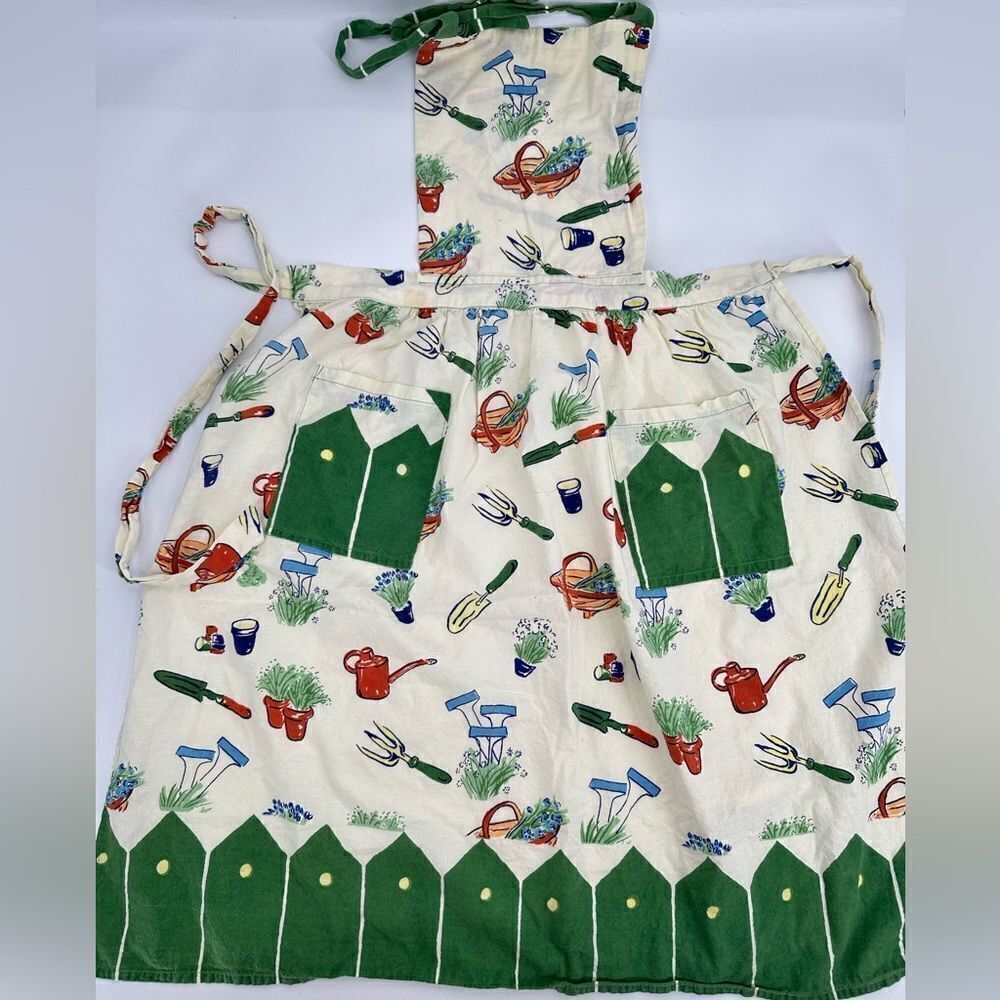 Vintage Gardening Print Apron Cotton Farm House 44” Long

---

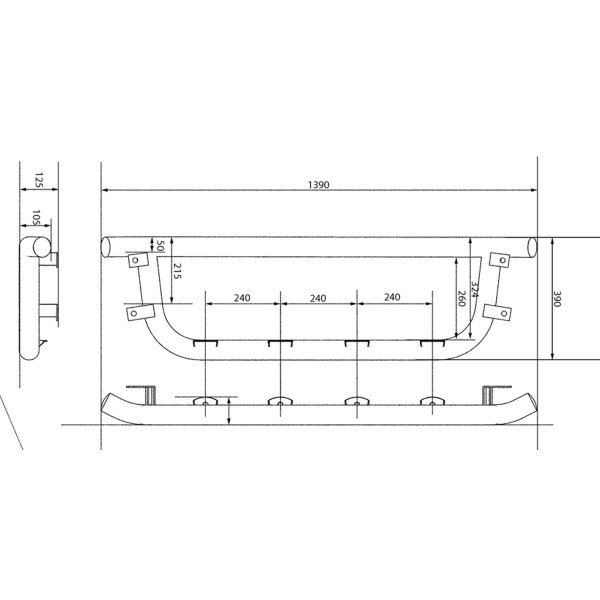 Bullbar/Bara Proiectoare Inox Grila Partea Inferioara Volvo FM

==

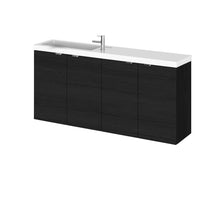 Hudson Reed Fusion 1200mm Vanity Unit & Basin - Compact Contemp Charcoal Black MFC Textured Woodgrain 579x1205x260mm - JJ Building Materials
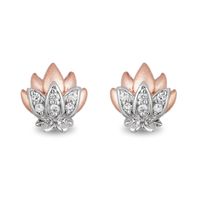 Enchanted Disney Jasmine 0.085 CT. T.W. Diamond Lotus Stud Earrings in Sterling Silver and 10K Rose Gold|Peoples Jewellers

*DIRECTIONS FOR THIS TASK*
Print everything from the line with "Hudson Reed Fusion" down to the line with "Enchanted Disney Jasmine" in the entries above, both lines included and nothing more, without the pictures.

*RESULT OF THE TASK*
 Hudson Reed Fusion 1200mm Vanity Unit & Basin - Compact Contemp Charcoal Black MFC Textured Woodgrain 579x1205x260mm - JJ Building Materials
 Enchanted Disney Jasmine 0.085 CT. T.W. Diamond Lotus Stud Earrings in Sterling Silver and 10K Rose Gold|Peoples Jewellers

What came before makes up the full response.